WHAT NEEDS TO BE DONE: Skip every image and restate the data word for word.

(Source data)
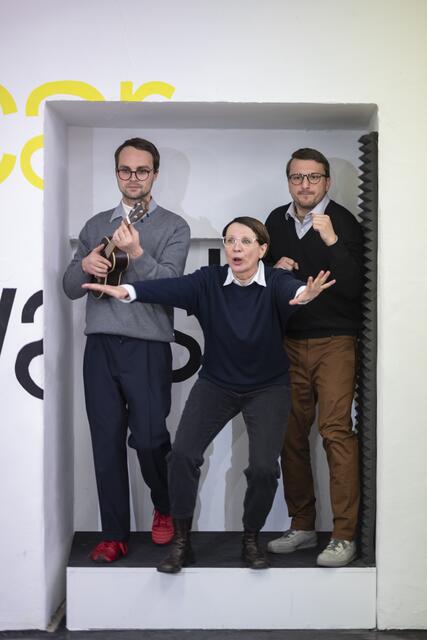 Jakob Köhle, Elke Hartmann und Lukas Gander spüren in Joachim Gottfried Gollers performativer Inszenierung den Erinnerungen des jungen französischen Erfolgsautors Édouard Louis an seine Mutter nach.  | Foto: Daniel Jarosch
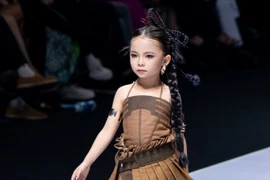 Mẫu nhí 6 tuổi gây ấn tượng tại Vietnam International Fashion Week 2025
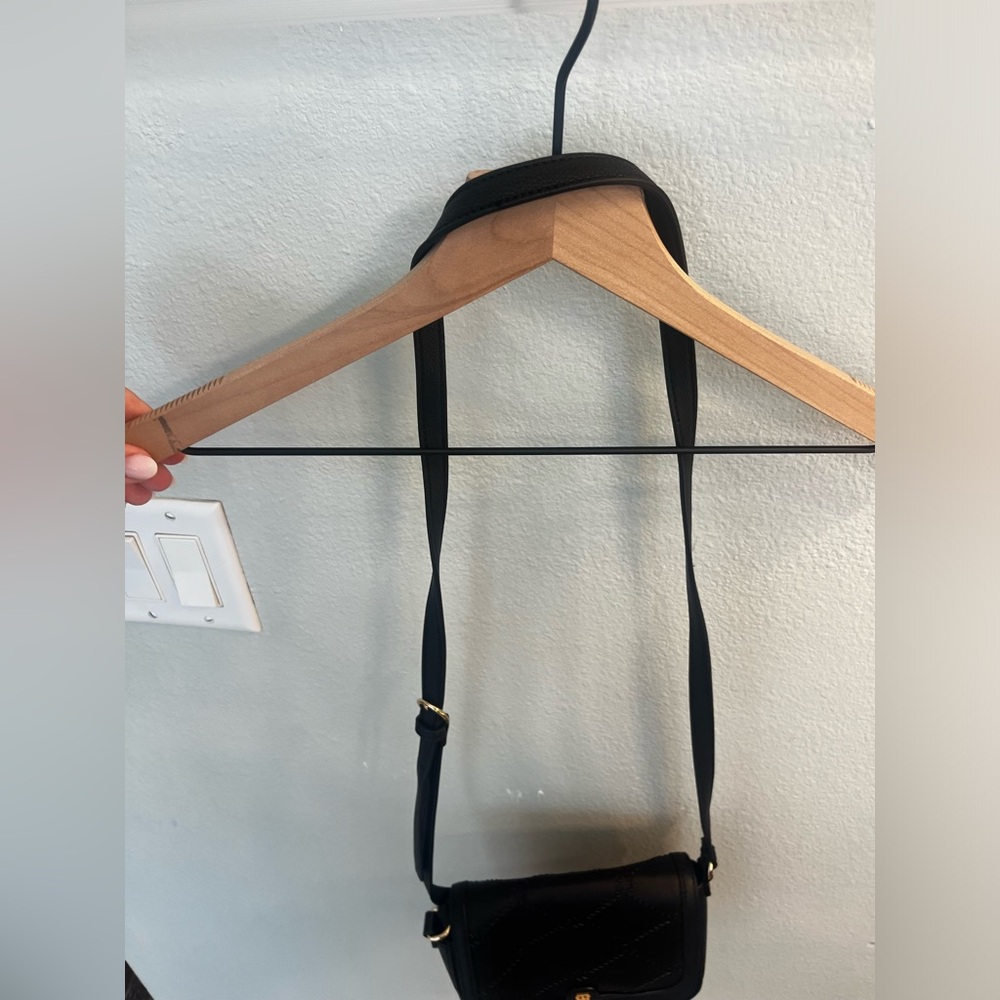Black Tommy Hilfiger Crossbody Bag - Picture 6 of 9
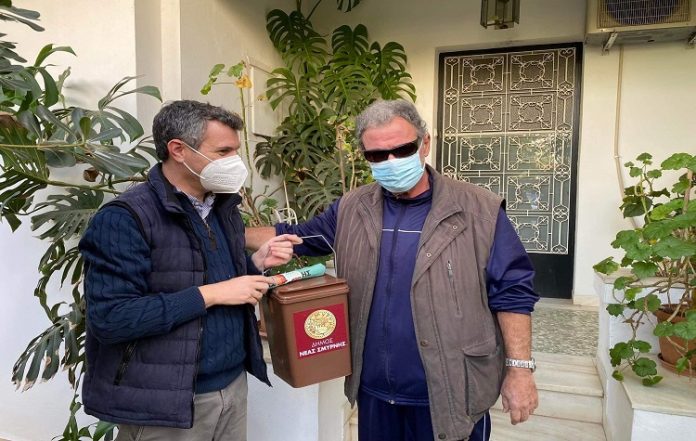 Ο Αντιδήμαρχος Νέας Σμύρνης Γιώργος Κρικρής παραδίδει σε δημότη τον ειδικό καφέ κάδο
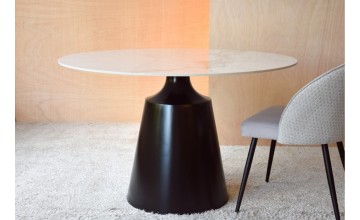 Mesa comedor Ilmin negro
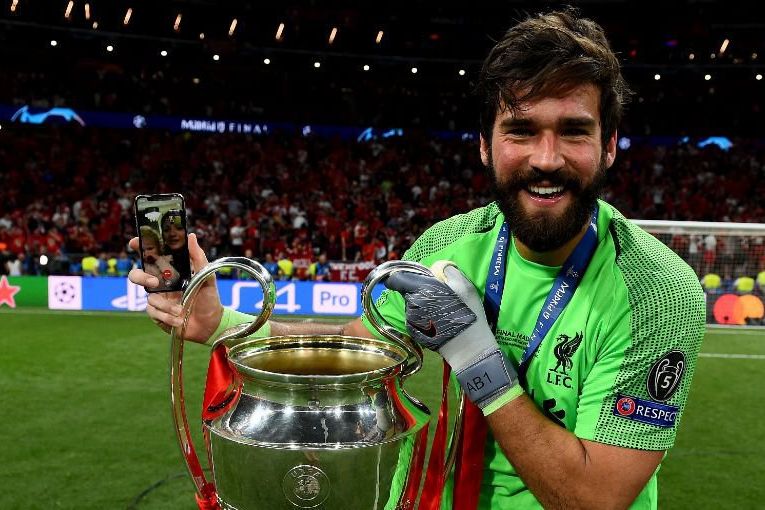 Alisson Becker Diprediksi Jadi Legenda Liverpool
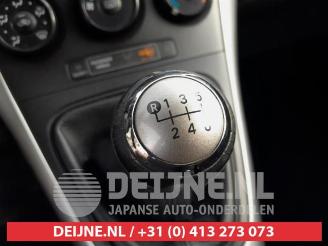 Toyota Auris Auris (E15), Hatchback, 2006 / 2012 1.33 Dual VVT-I 16V picture 22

EXPECTED OUTPUT:
 Jakob Köhle, Elke Hartmann und Lukas Gander spüren in Joachim Gottfried Gollers performativer Inszenierung den Erinnerungen des jungen französischen Erfolgsautors Édouard Louis an seine Mutter nach.  | Foto: Daniel Jarosch
 Mẫu nhí 6 tuổi gây ấn tượng tại Vietnam International Fashion Week 2025
Black Tommy Hilfiger Crossbody Bag - Picture 6 of 9
 Ο Αντιδήμαρχος Νέας Σμύρνης Γιώργος Κρικρής παραδίδει σε δημότη τον ειδικό καφέ κάδο
 Mesa comedor Ilmin negro
 Alisson Becker Diprediksi Jadi Legenda Liverpool
 Toyota Auris Auris (E15), Hatchback, 2006 / 2012 1.33 Dual VVT-I 16V picture 22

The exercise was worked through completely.